This invention relates to the field of diffusion bondable structures, superplastic forming techniques, and more particularly to structures made from monolithic metal or metal matrix composite materials.
Performance requirement goals for the National Aerospace Plane (NASP), which is a manned hypersonic transport vehicle, require airframe structures and engine materials that exceed the capabilities of commercially available materials and manufacturing technologies. However, for some time experimental work has been underway with metal-matrix composites which are similar to the well known polymeric composites except that the matrix is a metal rather than a polymer in an effort to produce higher temperature and lower weight space structures. Metal-matrix composites are fabricated by placing a reinforcing material such as silicon carbide fibers between foils of a matrix material such as a metal alloy. These ingredients are then consolidated into a composite by pressing them together at high temperatures and pressures which cause the matrix to flow around the reinforcing fibers and diffusion bond the matrix together to form a unique composite. Different alloys of aluminum, magnesium, and titanium have been used as the matrix materials and as the reinforcing phase fibers, powders, and whiskers made from silicon carbide, alumina, graphite, boron and other materials have been used. The actual material used to prove the process and tools discussed herein was titanium 15-3-3-3 with reinforcing fibers of silicon carbide. However the process was developed first using monolithic titanium alloy 15-3-3-3.
The elements, when using the monolithic titanium, may be formed superplastically or by any other conventional method. FIG. 4 shows a section through a typical large airplane wing spar with the flanges canted with respect to the web.

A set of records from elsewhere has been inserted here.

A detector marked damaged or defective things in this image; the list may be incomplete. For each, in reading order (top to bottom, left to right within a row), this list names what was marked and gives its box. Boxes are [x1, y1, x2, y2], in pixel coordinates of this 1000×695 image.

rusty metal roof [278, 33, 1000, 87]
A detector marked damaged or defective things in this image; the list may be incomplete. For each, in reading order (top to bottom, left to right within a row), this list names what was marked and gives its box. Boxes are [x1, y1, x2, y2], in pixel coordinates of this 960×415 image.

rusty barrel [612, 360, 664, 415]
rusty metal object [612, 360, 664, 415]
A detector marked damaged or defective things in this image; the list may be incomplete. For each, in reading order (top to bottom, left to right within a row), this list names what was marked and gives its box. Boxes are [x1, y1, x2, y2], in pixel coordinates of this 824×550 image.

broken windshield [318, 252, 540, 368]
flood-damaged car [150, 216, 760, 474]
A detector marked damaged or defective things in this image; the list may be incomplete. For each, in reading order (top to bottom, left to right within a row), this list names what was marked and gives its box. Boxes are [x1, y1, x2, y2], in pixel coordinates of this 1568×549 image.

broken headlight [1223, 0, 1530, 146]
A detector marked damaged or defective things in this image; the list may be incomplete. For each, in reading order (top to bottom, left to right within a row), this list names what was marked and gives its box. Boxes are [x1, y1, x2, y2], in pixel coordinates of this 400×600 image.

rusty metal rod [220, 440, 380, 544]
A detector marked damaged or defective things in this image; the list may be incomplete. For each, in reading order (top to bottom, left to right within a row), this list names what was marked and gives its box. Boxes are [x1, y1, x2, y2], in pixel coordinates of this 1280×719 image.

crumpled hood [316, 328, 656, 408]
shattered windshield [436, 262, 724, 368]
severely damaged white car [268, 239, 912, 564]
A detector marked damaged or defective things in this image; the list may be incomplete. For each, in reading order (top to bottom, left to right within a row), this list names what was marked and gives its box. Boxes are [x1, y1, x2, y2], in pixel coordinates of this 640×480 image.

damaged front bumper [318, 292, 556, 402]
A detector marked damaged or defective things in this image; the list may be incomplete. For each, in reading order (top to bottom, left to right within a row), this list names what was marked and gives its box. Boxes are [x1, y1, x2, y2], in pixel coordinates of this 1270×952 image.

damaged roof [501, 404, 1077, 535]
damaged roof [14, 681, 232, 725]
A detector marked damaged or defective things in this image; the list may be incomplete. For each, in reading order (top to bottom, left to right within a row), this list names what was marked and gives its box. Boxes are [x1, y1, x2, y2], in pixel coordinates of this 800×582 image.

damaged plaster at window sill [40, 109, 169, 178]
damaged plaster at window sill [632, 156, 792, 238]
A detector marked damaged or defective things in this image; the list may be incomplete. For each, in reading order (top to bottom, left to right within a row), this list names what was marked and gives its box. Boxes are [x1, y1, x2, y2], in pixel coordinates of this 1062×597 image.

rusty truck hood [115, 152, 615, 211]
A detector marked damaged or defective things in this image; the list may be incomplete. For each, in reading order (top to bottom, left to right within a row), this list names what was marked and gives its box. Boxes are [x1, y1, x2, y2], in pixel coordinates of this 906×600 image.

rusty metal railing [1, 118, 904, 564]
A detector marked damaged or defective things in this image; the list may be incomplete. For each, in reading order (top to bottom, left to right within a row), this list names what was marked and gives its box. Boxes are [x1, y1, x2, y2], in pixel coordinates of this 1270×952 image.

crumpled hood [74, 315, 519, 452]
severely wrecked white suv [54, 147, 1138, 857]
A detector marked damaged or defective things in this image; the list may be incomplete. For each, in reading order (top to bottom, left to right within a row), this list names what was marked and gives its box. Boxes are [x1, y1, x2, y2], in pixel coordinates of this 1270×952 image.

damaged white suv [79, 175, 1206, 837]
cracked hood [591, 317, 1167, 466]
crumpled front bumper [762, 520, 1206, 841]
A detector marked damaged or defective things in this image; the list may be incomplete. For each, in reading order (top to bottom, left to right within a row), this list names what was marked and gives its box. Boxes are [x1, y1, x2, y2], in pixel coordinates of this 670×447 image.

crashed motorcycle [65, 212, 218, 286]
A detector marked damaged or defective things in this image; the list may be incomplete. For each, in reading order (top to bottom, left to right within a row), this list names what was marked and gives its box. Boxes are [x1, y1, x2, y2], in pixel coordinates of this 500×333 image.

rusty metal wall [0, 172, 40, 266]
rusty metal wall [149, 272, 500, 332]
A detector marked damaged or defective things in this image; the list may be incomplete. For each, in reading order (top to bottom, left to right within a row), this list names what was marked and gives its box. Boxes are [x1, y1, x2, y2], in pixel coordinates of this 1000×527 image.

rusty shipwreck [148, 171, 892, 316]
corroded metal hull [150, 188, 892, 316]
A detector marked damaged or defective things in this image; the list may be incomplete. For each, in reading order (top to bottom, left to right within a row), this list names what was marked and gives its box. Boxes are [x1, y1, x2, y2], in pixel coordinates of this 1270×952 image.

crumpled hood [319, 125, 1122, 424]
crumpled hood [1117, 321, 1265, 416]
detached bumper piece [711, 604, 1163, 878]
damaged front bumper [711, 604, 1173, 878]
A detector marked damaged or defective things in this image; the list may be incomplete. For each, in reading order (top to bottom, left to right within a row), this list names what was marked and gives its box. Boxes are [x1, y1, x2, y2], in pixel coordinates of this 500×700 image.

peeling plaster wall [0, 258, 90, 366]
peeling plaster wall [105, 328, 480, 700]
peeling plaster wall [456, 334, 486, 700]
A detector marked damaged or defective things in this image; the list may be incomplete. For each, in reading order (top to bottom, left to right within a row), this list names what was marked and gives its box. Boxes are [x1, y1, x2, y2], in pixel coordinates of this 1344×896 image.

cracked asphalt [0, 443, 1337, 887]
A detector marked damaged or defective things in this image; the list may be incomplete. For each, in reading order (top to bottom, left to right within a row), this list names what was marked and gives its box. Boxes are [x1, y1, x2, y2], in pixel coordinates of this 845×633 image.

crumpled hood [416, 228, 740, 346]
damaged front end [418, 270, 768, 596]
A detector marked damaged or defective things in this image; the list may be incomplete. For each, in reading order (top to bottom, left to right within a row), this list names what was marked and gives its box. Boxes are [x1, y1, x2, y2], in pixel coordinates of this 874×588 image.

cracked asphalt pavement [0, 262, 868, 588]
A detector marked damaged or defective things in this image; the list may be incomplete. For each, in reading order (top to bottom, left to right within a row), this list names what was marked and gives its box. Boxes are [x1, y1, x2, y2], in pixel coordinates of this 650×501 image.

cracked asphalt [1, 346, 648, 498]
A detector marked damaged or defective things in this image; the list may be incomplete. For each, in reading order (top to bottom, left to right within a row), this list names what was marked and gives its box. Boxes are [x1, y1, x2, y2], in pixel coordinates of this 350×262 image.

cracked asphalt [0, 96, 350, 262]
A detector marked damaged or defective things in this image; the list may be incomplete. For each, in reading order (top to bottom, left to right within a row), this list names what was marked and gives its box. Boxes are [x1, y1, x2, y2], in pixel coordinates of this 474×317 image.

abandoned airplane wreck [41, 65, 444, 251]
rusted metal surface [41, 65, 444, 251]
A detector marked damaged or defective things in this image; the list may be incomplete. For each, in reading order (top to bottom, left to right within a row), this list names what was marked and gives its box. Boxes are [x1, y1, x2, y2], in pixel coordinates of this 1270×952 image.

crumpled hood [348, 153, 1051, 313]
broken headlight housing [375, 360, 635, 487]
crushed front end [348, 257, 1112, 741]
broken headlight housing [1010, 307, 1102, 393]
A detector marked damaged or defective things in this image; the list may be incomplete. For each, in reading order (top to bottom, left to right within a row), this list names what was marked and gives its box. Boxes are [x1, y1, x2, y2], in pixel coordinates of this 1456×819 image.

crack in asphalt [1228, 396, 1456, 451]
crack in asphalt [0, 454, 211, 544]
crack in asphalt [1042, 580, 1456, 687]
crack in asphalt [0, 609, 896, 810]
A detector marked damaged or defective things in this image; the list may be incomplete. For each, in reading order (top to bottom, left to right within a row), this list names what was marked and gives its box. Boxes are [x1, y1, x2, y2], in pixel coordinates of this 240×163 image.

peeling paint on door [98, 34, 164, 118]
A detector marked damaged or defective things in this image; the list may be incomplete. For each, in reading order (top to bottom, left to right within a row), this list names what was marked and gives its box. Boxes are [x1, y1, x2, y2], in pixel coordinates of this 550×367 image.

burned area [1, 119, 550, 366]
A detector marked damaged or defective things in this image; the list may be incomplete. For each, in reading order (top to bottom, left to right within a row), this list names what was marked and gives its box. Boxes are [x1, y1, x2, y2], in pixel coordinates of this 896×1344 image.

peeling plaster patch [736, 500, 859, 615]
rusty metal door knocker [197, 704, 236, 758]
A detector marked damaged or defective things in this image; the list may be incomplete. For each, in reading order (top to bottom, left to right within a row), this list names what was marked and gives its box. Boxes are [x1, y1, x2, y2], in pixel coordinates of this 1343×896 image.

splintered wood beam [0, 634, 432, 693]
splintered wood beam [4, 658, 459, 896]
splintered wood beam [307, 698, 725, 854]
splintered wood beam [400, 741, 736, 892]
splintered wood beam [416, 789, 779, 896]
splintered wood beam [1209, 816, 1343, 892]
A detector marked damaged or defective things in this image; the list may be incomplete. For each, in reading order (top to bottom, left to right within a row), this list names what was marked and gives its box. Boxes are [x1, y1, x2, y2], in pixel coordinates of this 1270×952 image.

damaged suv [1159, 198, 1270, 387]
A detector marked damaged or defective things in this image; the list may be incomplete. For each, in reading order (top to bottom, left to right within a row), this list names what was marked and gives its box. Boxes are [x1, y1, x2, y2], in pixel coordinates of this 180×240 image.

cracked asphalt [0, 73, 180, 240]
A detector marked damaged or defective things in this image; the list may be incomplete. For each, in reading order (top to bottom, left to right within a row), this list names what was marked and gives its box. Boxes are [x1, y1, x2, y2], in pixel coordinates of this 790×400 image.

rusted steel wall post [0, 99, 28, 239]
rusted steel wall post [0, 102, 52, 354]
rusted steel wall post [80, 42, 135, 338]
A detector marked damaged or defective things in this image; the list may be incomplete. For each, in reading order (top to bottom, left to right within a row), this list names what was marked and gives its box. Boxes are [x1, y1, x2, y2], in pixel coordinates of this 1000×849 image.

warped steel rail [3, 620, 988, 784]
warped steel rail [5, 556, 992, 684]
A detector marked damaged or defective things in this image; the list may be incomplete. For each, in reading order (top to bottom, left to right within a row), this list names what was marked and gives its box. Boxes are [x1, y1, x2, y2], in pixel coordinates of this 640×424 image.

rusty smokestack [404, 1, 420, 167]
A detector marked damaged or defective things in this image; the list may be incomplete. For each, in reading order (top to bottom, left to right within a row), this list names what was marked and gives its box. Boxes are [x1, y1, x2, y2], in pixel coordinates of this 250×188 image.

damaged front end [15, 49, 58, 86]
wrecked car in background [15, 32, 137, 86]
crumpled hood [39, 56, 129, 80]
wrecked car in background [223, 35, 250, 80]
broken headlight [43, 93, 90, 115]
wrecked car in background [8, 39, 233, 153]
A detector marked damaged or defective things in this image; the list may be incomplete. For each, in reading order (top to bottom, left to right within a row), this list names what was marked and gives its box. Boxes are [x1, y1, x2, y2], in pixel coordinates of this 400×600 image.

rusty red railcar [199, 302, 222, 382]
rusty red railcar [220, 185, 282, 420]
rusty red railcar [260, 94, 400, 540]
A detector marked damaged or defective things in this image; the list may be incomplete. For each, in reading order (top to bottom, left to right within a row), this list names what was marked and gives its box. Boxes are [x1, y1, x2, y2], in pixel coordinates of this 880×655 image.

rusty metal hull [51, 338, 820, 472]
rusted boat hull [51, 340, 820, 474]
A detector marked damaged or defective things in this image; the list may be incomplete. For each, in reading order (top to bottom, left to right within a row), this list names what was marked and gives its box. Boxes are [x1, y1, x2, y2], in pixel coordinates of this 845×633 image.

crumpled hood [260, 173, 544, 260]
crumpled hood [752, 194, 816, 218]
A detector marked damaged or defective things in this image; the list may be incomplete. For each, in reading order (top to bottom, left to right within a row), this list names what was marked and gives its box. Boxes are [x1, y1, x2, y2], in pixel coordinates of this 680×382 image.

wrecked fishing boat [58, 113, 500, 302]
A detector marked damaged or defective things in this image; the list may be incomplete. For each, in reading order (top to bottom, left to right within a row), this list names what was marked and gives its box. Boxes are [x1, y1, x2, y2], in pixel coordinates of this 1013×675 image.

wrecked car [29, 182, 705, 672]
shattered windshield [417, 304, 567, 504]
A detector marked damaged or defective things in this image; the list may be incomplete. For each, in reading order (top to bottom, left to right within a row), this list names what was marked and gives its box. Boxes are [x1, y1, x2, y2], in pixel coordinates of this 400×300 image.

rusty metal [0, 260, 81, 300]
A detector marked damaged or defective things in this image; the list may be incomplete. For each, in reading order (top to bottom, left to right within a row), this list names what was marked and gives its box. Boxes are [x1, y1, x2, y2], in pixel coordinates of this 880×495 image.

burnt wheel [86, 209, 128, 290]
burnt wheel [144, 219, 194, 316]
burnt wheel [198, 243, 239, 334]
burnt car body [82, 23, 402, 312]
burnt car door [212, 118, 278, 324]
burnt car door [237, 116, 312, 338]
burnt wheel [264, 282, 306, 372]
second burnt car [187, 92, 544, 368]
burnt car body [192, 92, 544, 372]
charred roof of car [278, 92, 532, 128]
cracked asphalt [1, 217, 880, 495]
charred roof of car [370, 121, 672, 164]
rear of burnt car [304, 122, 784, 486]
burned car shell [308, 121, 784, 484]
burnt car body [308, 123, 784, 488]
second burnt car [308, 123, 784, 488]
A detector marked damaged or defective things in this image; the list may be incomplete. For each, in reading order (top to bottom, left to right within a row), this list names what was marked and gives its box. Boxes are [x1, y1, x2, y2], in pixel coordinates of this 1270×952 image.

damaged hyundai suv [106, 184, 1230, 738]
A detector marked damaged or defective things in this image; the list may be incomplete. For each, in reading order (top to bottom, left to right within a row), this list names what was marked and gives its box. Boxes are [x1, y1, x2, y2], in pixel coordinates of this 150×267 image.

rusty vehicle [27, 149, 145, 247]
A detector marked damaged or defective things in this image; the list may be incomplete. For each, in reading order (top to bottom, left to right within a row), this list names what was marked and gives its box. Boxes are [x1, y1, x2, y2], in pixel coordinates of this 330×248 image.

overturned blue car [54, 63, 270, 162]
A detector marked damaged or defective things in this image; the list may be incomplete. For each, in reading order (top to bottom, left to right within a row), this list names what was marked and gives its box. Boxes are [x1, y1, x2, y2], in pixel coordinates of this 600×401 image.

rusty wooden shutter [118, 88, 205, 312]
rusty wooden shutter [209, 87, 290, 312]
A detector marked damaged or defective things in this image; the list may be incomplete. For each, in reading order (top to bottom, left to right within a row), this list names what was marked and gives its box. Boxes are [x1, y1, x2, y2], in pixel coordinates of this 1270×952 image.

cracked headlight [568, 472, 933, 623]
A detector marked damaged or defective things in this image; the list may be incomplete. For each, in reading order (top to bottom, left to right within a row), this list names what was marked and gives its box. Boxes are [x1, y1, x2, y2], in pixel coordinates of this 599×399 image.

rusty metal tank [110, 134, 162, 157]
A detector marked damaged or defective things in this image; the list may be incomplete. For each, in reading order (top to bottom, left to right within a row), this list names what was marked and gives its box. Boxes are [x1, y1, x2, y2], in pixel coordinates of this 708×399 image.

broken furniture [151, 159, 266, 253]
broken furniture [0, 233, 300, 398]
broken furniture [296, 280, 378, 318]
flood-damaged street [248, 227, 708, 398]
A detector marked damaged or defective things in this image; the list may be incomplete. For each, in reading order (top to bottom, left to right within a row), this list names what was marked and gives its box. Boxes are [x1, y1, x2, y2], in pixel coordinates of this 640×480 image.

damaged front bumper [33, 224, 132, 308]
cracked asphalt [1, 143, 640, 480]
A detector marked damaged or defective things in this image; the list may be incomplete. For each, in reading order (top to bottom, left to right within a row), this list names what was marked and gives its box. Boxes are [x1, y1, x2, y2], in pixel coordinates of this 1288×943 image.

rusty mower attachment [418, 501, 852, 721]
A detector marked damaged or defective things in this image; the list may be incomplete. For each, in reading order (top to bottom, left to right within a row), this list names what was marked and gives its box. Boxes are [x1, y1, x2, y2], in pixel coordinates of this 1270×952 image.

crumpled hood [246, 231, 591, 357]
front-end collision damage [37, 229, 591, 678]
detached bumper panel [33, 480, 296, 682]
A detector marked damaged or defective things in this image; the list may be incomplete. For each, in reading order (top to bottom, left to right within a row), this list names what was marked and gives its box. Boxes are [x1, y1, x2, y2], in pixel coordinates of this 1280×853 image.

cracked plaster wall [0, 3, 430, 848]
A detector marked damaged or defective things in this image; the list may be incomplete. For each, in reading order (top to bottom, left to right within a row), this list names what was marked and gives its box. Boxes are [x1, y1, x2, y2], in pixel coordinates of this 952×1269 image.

These spars are currently machined on a spar mill and due to long spar length, amount of material to be removed, and post heat treatment are very expensive to fabricate.
Although several different methods for fabricating the metal matrix composite elements have been used, the most successful current procedure uses a hot isostatic press (HIP). These chambers achieve diffusion bonding temperatures while applying pressures upwards of 15,000 PSI. Obviously, these chambers are not only in short supply but their use is expensive. Either sheet material or simple structural sections like channel sections can be produced in the HIP chamber. In order to obtain a sound composite element with optimum mechanical properties it is necessary to consolidate the matrix with the reinforcement phase by applying extreme pressures to avoid poor interfacial bonding between the graphite and the metal matrix. It is well known in the diffusion bonding art that the bond improves substantially with increased pressure, up to a point.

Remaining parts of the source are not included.